Анализ языка пушкинской «Черни» доказывает родство именно с этим строем мыслей и словоупотребления. У него не просто «народ», а «народ непосвященный» — прямой перевод выражения «profani» из эпиграфа Горациева стиха — и «народ бессмысленный». Характеристика этого «народа» — «хладный и надменный» — подчеркивает социальный смысл словоупотребления.

Вместе с тем конкретная направленность пьесы — против современной Пушкину официальной журнальной критики: таковы нападки на требования прямой дидактики, исходившие главным образом от Булгарина; заявление «не для корысти» было подготовлено шумной полемикой о материальной стороне издания «Бахчисарайского фонтана» и т. д.

Таким образом «Чернь» правильнее всего считать полемически направленной не только против «светской черни», но и против официозной журналистики последекабрьского периода.

«Чернь», когда Кюхельбекер знакомится с этим стихотворением в крепости по двум томам издания 1829 г., вызывает его решительный восторг: «Если уж назначить какой-нибудь отдельной его пиэсе первое место между соперницами (что впрочем щекотливо и бесполезно), — я бы назвал «Чернь»; по крайней мере это стихотворение мне в нынешнем расположении духа как-то ближе, родственне всех прочих» (письмо племяннику Н. Г. Глинке от 16 сентября 1834 г.).
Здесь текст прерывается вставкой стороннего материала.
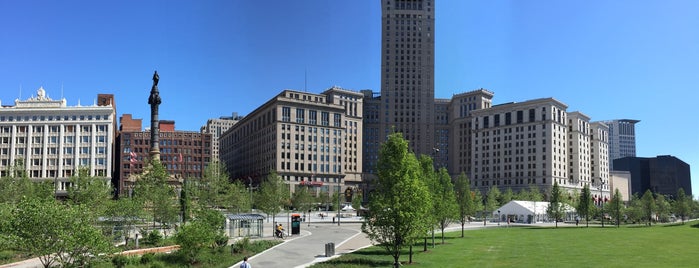 Public Square is one of Cleveland!.
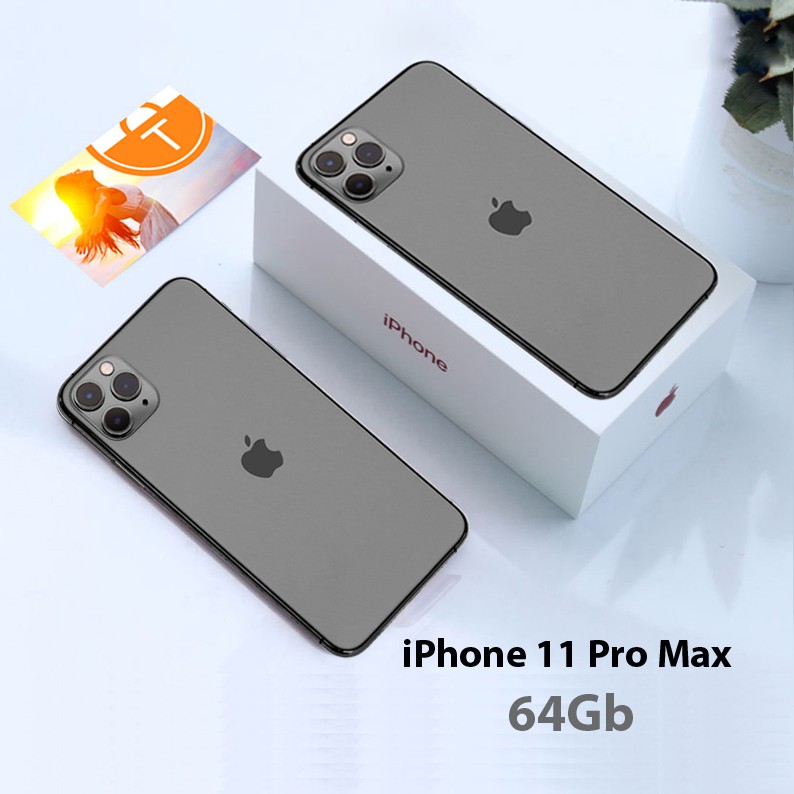 ĐIỆN THOẠI IPHONE 11 PRO MAX 64GB MỚI 100% - HÀNG NHẬP KHẨU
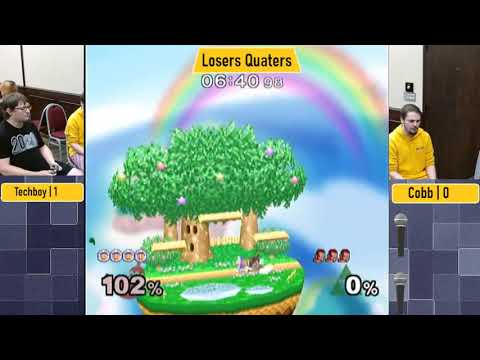 You better tech boy II - Singles - Losers Quarters - Techboy (Ice Climbers) VS. Cobb (GannonDorf)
Кюхельбекер теоретически был противником дидактики в поэзии. Вместе с тем многозначительное выражение «в теперешнем расположении духа» указывает на перекличку пушкинской «Черни» с отношением Кюхельбекера к официозной журналистике последекабрьского периода.

Разумеется не с молодыми «архивными юношами» любомудрами, для которых никогда не стоял во всей конкретной социальной глубине вопрос о позиции поэта по отношению к «светской черни», с одной стороны, официозно-журнальной — с другой, было связано такое стихотворение, как «Чернь». Оно было связано теснее и ближе всего с Кюхельбекером, давшим Пушкину прототип «высокого поэта» в «Евгении Онегине»; к этой позиции Пушкин, пересматривая вопрос накануне декабря 1825 г., склонялся; в пьесе «19 октября 1825 года» он называет Кюхельбекера «братом родным по музе, по судьбам» и дает поэтическую формулу:

Служенье Муз не терпит суеты,

Прекрасное должно быть величаво.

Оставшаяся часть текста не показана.